EXERCISE GOAL
Print the line containing "Réf. 63 167 : Glacies canaliculata" and each line after it through the end of the material below, exactly as it appears, but skip the pictures.

MATERIAL SHOWN
= = = =

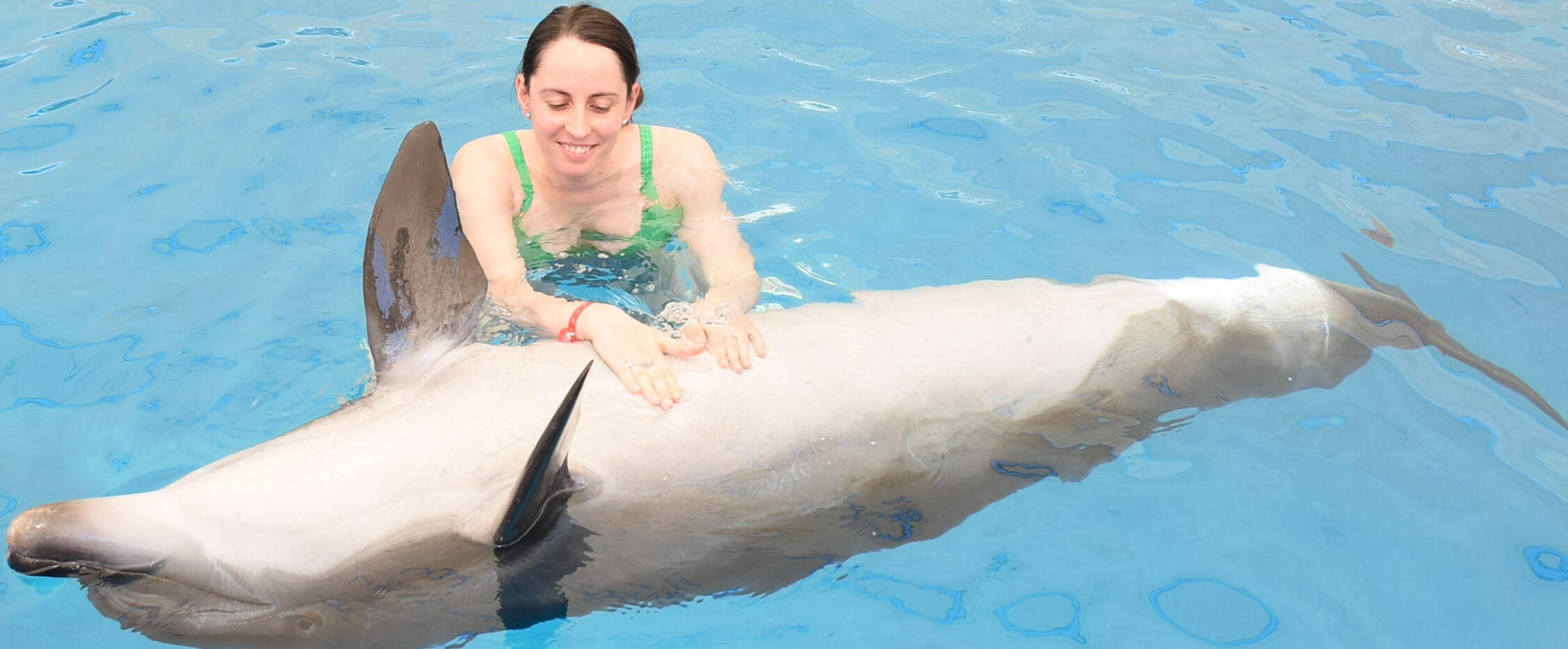 emotional workshop zoom call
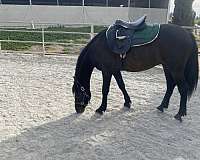 black-friesian-gelding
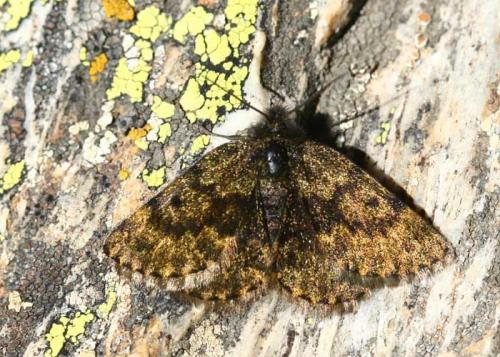 Réf. 63 167 : Glacies canaliculata
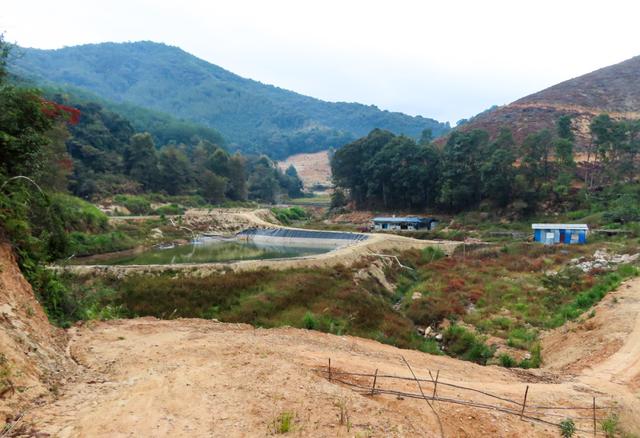 鱼塘不是想挖就能挖,这位“塘主”获刑!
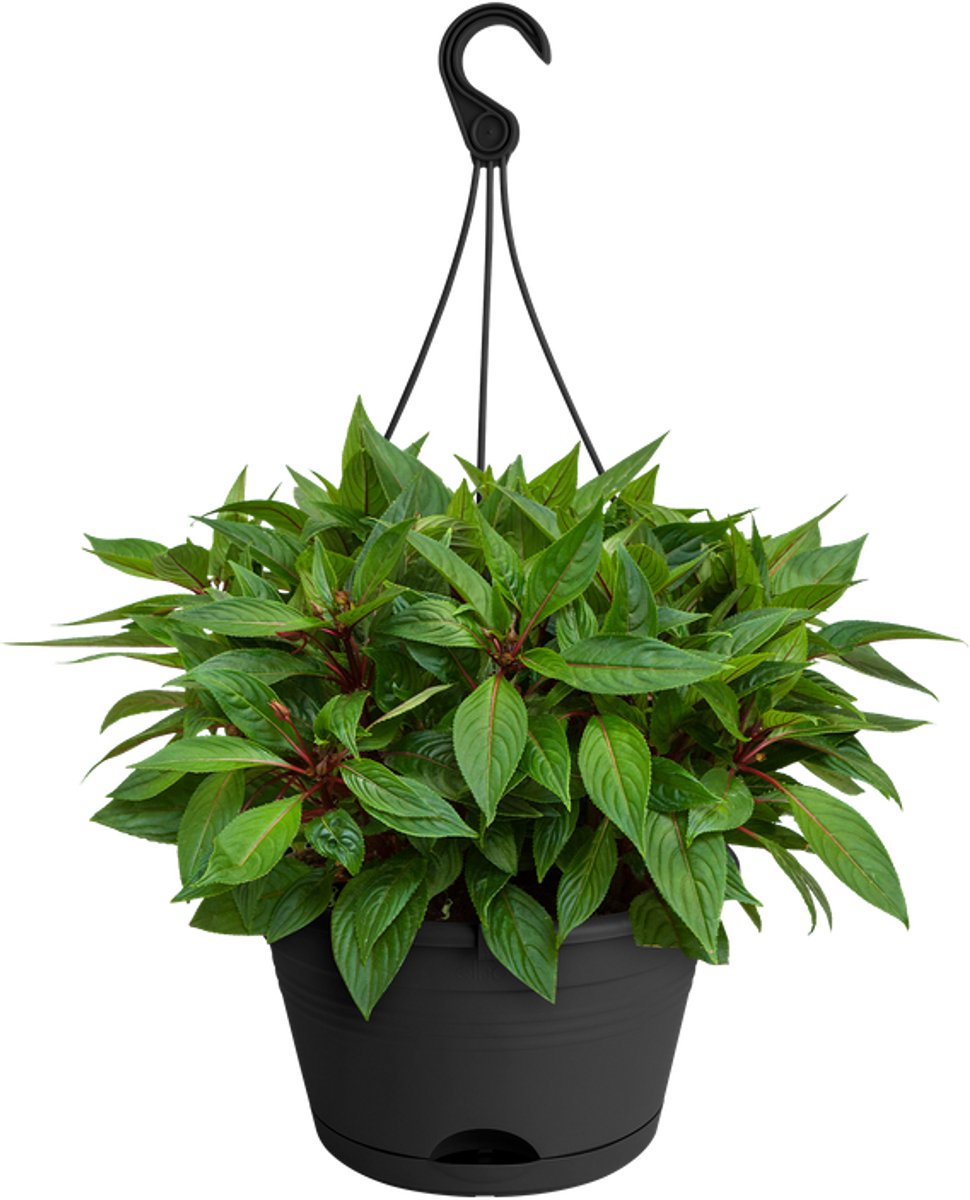 Elho Green Basics Hangschaal 28 - Bloempot voor Balkon Buiten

= = = =

OUTPUT OF THE TASK
 Réf. 63 167 : Glacies canaliculata
 鱼塘不是想挖就能挖,这位“塘主”获刑!
 Elho Green Basics Hangschaal 28 - Bloempot voor Balkon Buiten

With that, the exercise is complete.